The potential growth rate of martech is exponentially high as compared to the actual growth. Despite the steady rise in B2B business transactions, it seems that the marketers are not too trusting of the vendor information.

The trust of B2B buyers on vendor information is reducing at a rapid rate. As per a report, more than 36% of B2B tech buyers surveyed say that vendors had low or no influence when it came to them choosing a product, while 44% said vendors were somewhat influential. But, vendors do need to win over the skeptical buyers as well.

In most cases, buyers view vendor-provided information as inherently biased or deceitful, and in some cases, the details provided fail to adequately address some of the specific issues that a particular buyer may be concerned about. All B2B buyers do want to see the product in action. Free trials and product demos rank as the top preferred option for accurate sources of information. They are more trusted than analyst rankings. Transparency about limitations, timelines, and product capabilities is a must for the ease of B2B buying decisions. In this context, being upfront and candid seems to be one of the keys to success.

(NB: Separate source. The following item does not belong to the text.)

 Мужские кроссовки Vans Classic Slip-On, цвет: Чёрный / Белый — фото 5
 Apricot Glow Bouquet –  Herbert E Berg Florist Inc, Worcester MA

Another smart way is to simply talk business benefits by focusing on the ROI, which is the central metric to justify the purchase.  About 50% of the buyers confirmed faster decision-making process with vendors sharing customer experiences and authentic reviews. Buyers are also expected to engage in more research before finalizing the budget.

The buying process seems cumbersome due to many factors like – difficulty in finding specific information, too much follow up outreach, lack of ease in comparing products simultaneously, forced registration before relevant information is visible. These factors either push the buyers to purchase having incomplete knowledge or make them reluctant to buy altogether. The difficulty of comparison is since there are multiple options with all vouching for something different.

B2B buyers stress the importance of understanding the cons before buying any product. The majority 71% of buyer’s press on knowing the cons of a product or service before purchasing it, is a pre-requisite. But, shockingly only 4 in 10 vendors consider it as a prerequisite.

The internal competition among the vendors gets the comparison matrix unwieldy–with buyers lacking sufficient knowledge to figure out. The gap between the B2B buyers and vendors need to be eradicated with vendors being more thoughtful about what and how they share, and how they approach the follow-up discussions. Vendors need to relentlessly adapt their approach to customer expectation from case to case basis.